• _Raw data_:
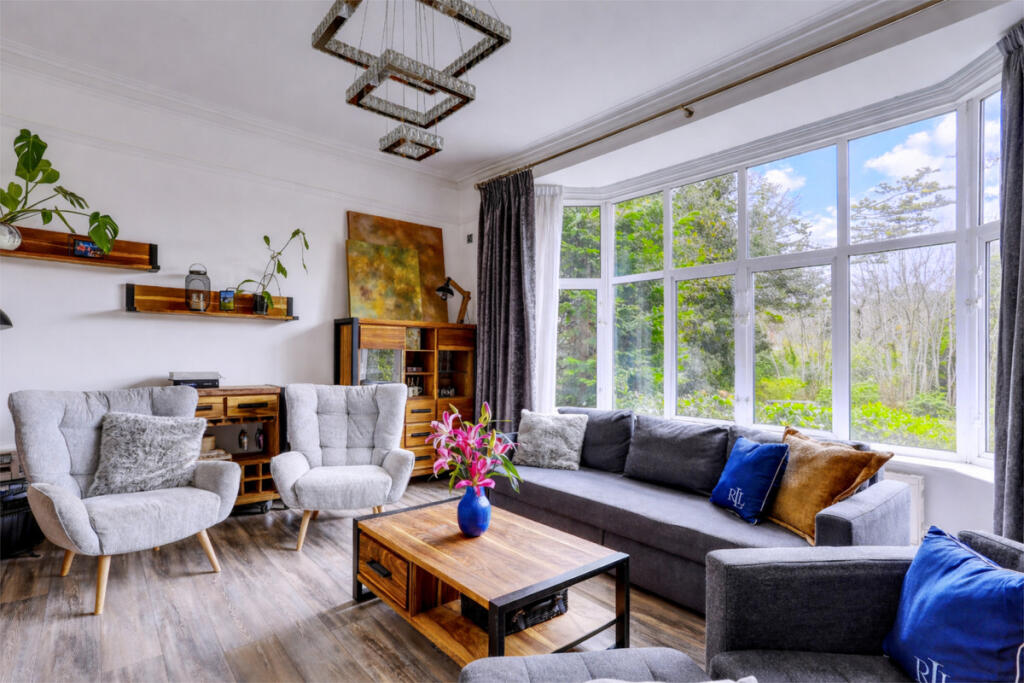 Apartment in Bournemouth - View 2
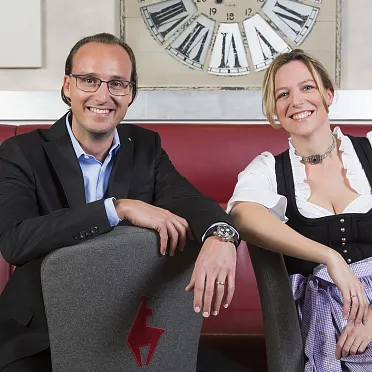 das-reisch-mike-mayr-reisch-nina-hipfl-reisch-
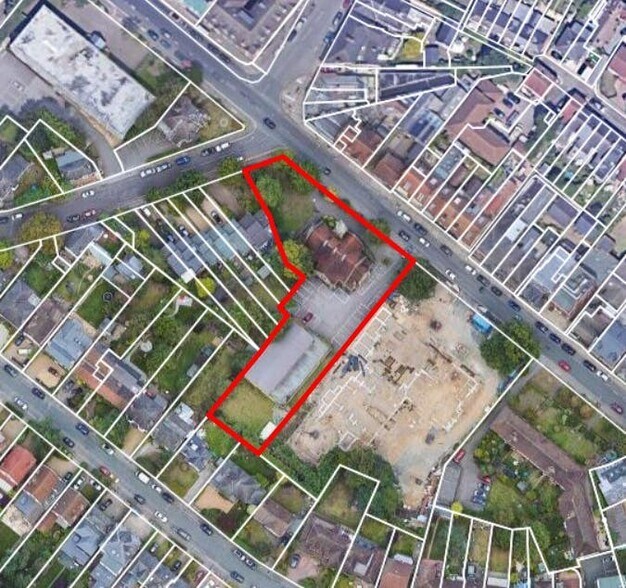 Queens Rd, Weybridge à vendre - Photo du bâtiment - Image 2 de 8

• _Task statement_:
The expected result is the data above in exact form, free of pictures.

• _Solution to the problem_:
 Apartment in Bournemouth - View 2
 das-reisch-mike-mayr-reisch-nina-hipfl-reisch-
 Queens Rd, Weybridge à vendre - Photo du bâtiment - Image 2 de 8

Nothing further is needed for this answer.